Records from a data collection
════════════════

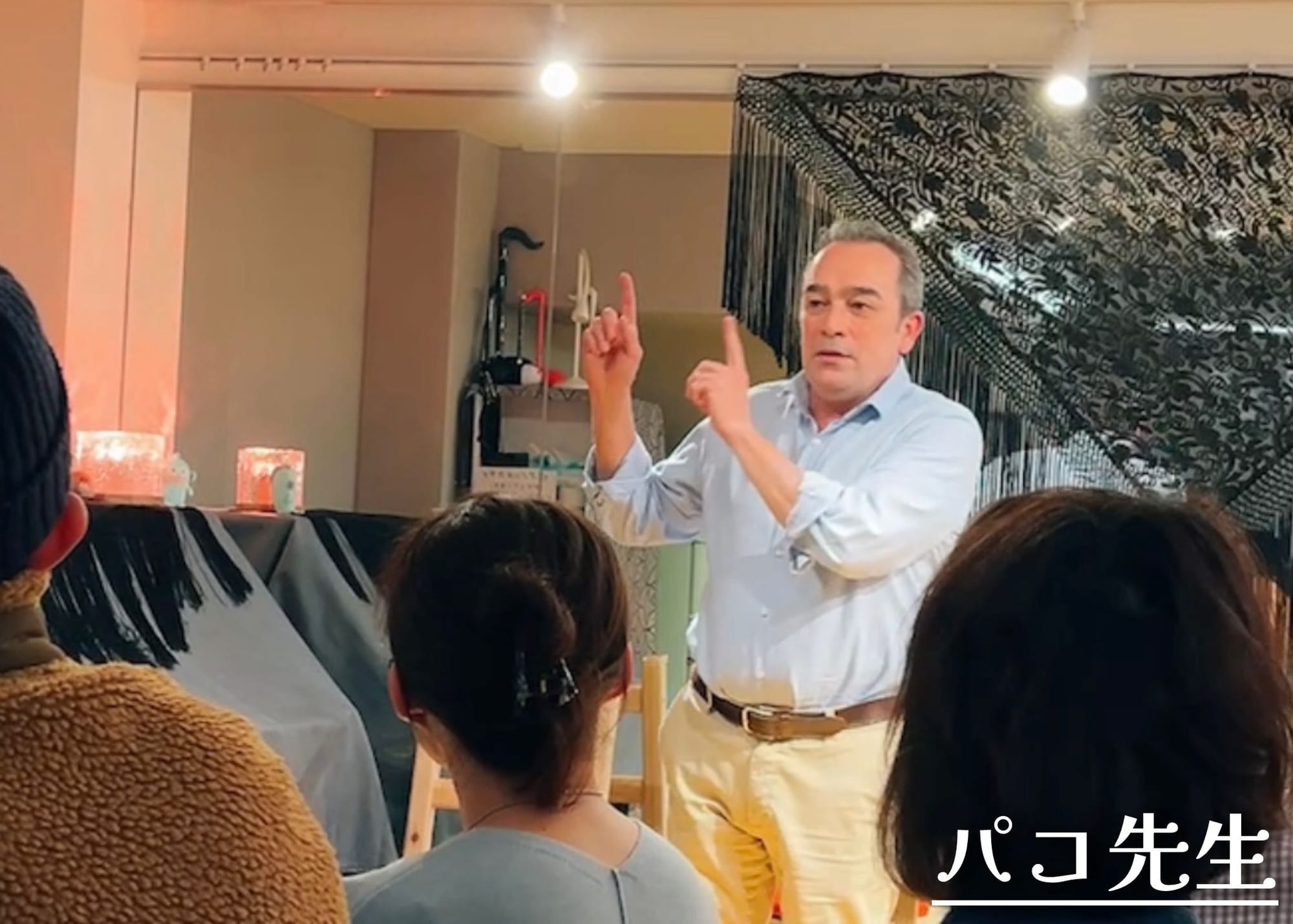 スペイン語クラス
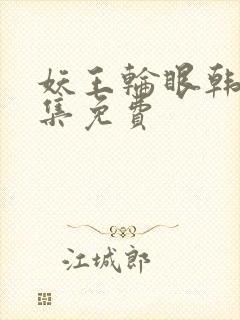 妖王轮眼韩漫全集免费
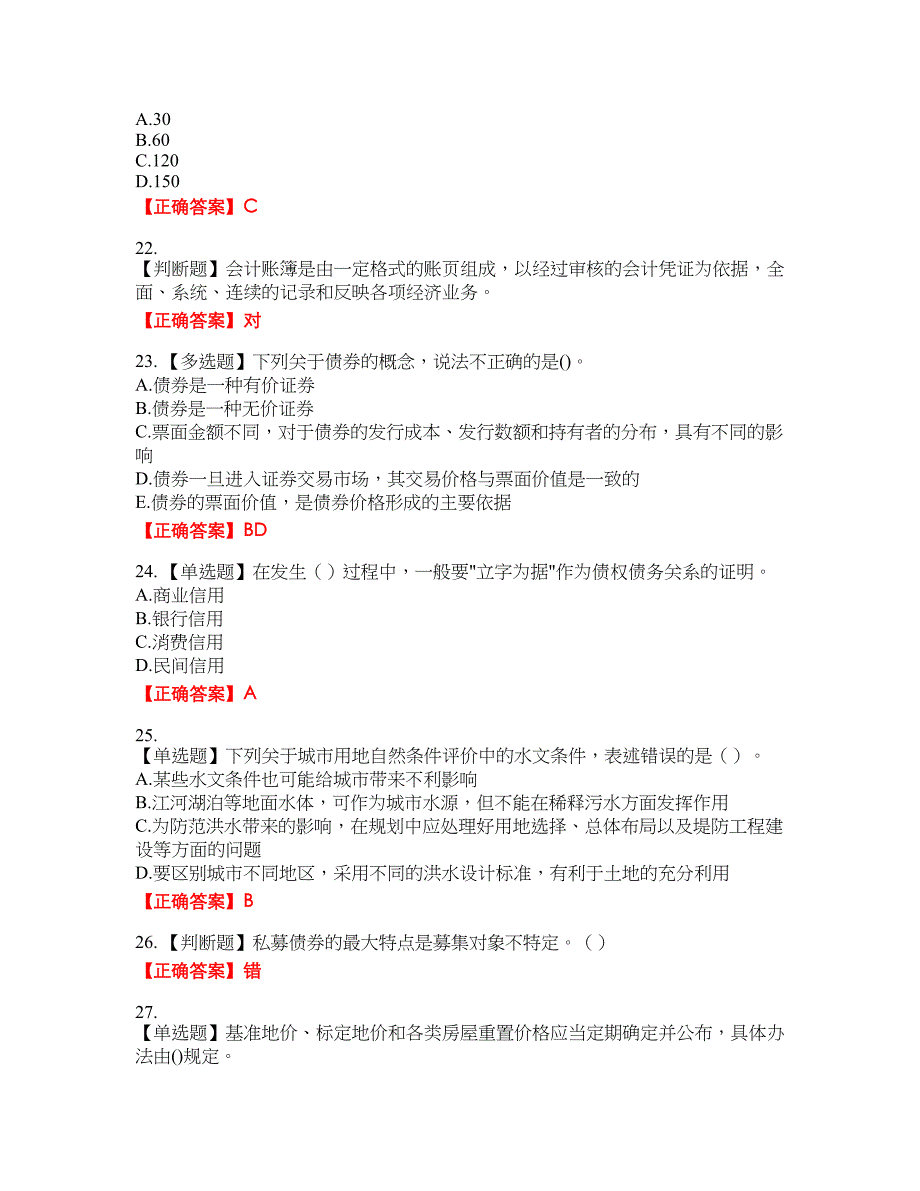 房地产估价师《房地产基本制度与政策》考试全真模拟卷24附带答案_第4页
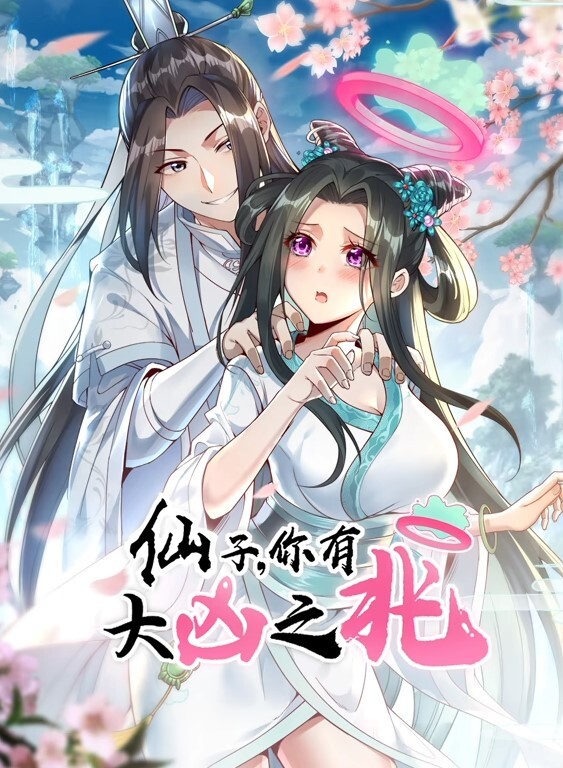 处女的日式按摩导致桌上的性行为（主演HikaruMinatsuki）【Zenra】 - Porn87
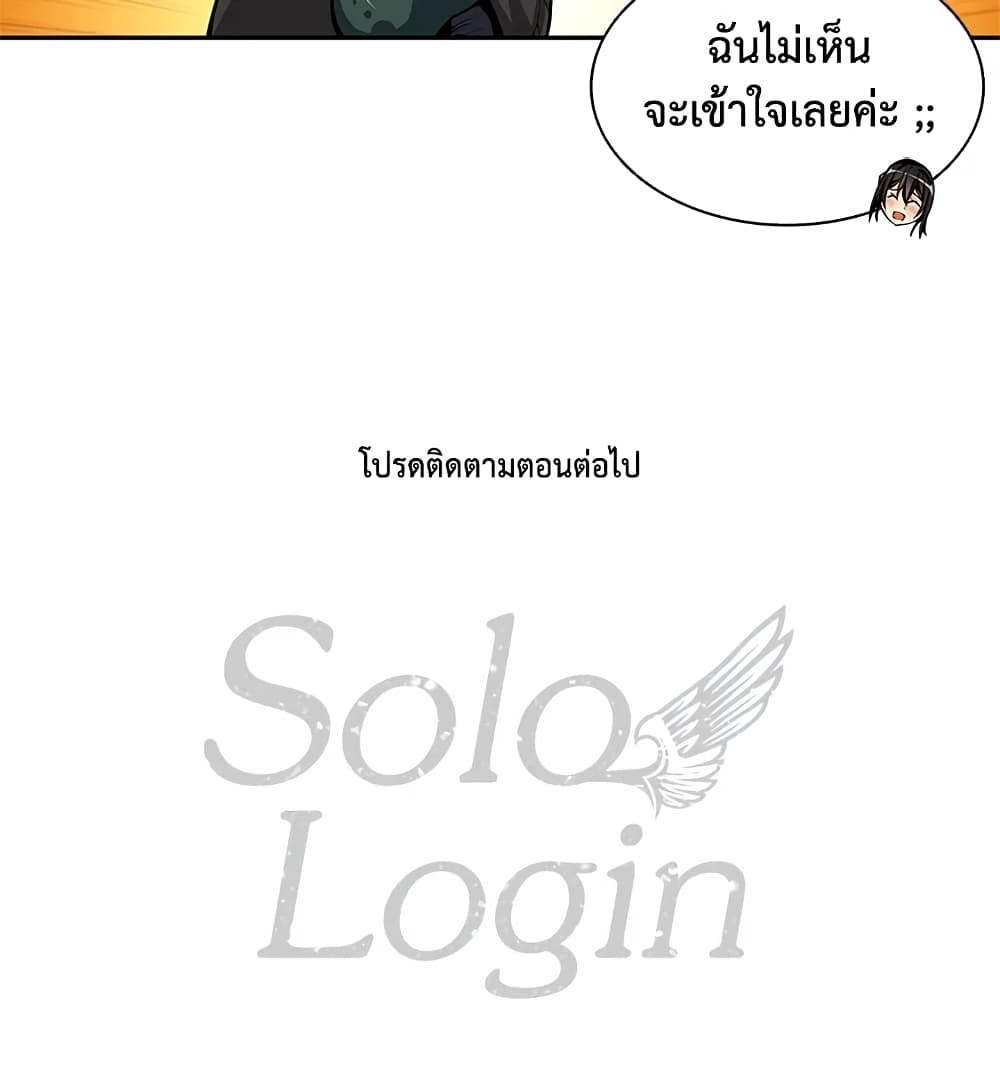 Solo Login page 76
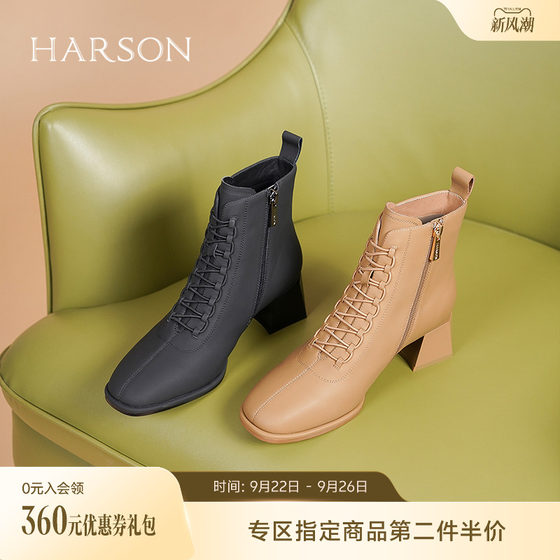 Hasson Fashion Fashion Boots Side Zipper Thick High Heels 5CM Commuter All-match Women's Boots 2025 Winter New HA226633
Hasson Fashion Fashion Boots Side Zipper Thick High Heels 5CM Commuter All-match Women's Boots 2025 Winter New HA226633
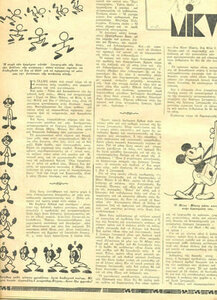 Evdomas212_Inside.thumb.jpg.19449fe3598fd74ac7d625beae82bf3f.jpg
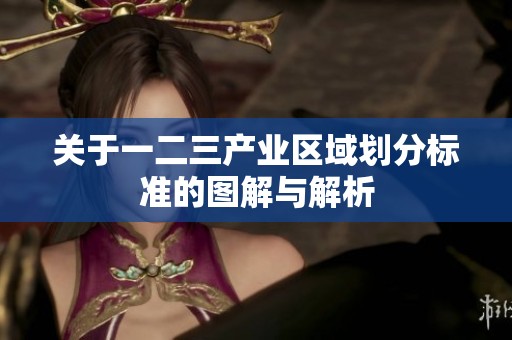 关于一二三产业区域划分标准的图解与解析
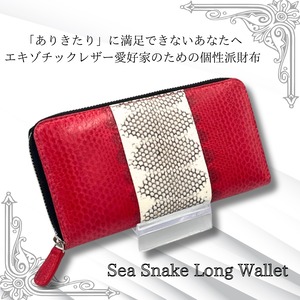 個性的 高級 エキゾチックレザーの女王 シースネーク 本革 海蛇 長財布 バイカラー 光沢 高品質メンズ レデース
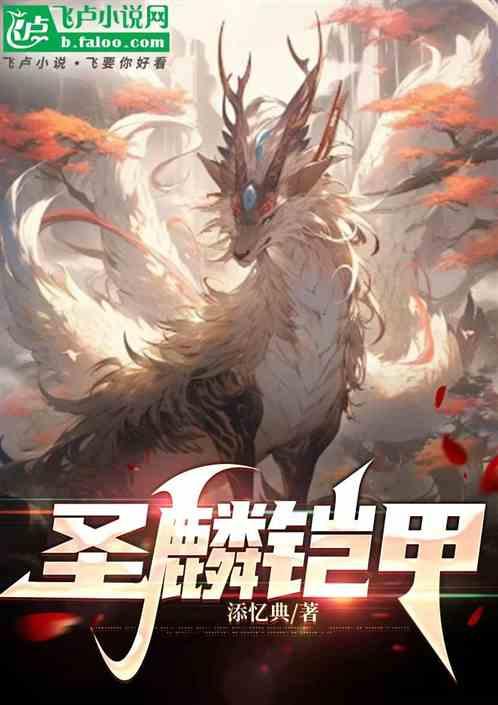 圣麟铠甲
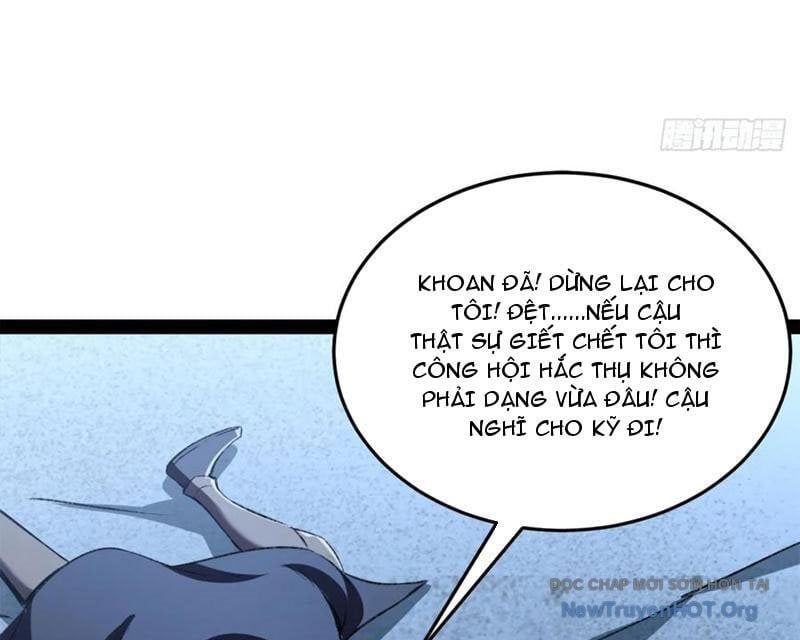 Dị Biến Giáng Lâm Nhân Gian: Triệu Hoán Chi Chủ! - Chapter 40 - Page 56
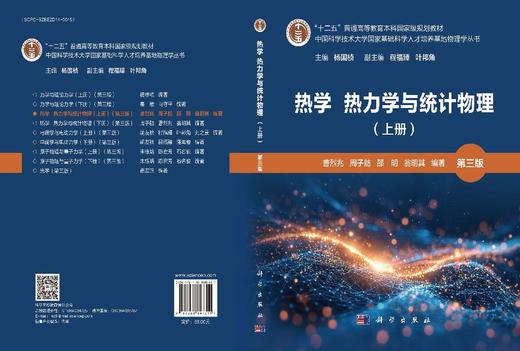 热学 热力学与统计物理（上册）（第三版） 商品图3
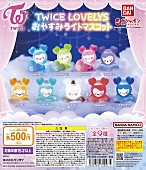 「TWICEの公式キャラクター「TWICE LOVELYS」ガシャポン第6弾が登場」1枚目/1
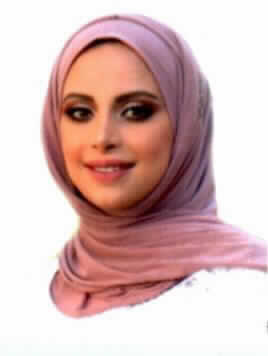 صورة هديل هيثم هايل المحاميد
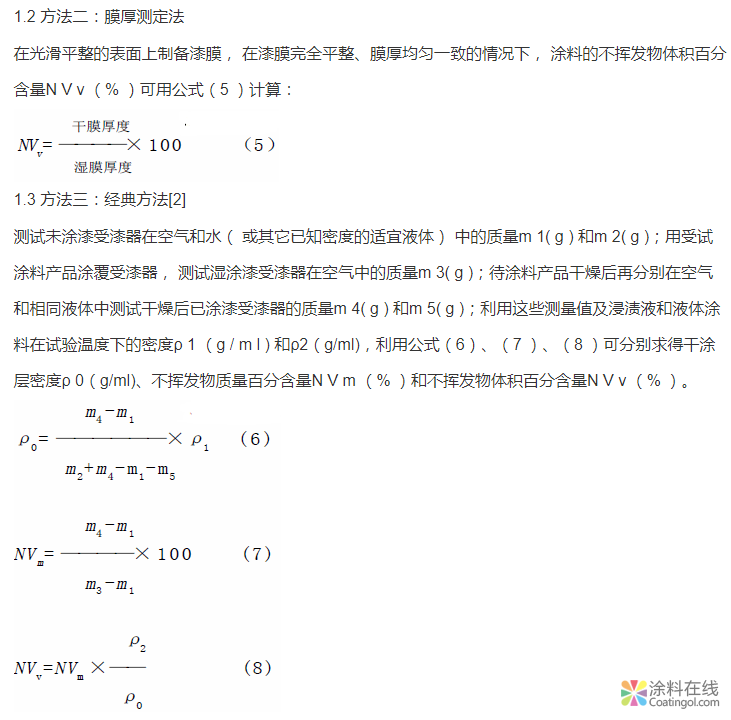 涂料不挥发物体积百分含量测定方法综述 中国涂料在线，coatingol.com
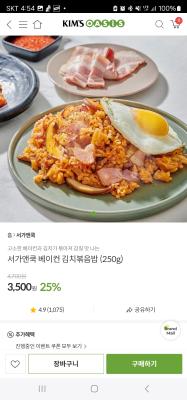 상품평 이미지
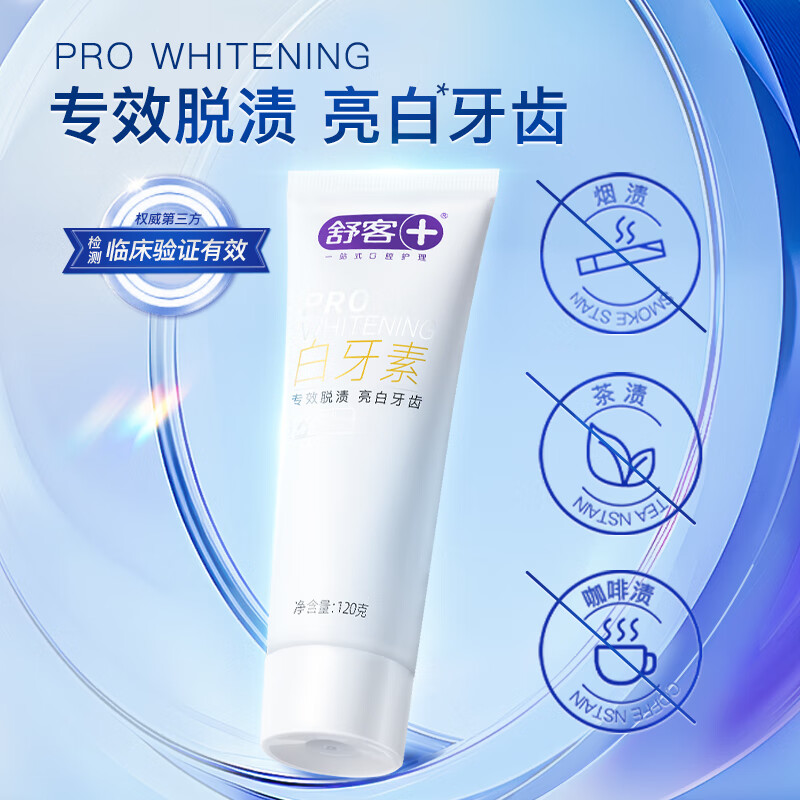 舒客 白牙素牙膏(去渍劲白型)120克高清大图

════════════════

Exercise goal. Above are records; repeat only the lines from the line with "個性的 高級 エキゾチックレザーの女王" through the line with "صورة هديل هيثم هايل المحاميد", and leave pictures out.

Result of the task.
 個性的 高級 エキゾチックレザーの女王 シースネーク 本革 海蛇 長財布 バイカラー 光沢 高品質メンズ レデース
 圣麟铠甲
 Dị Biến Giáng Lâm Nhân Gian: Triệu Hoán Chi Chủ! - Chapter 40 - Page 56
 热学 热力学与统计物理（上册）（第三版） 商品图3
 「TWICEの公式キャラクター「TWICE LOVELYS」ガシャポン第6弾が登場」1枚目/1
 صورة هديل هيثم هايل المحاميد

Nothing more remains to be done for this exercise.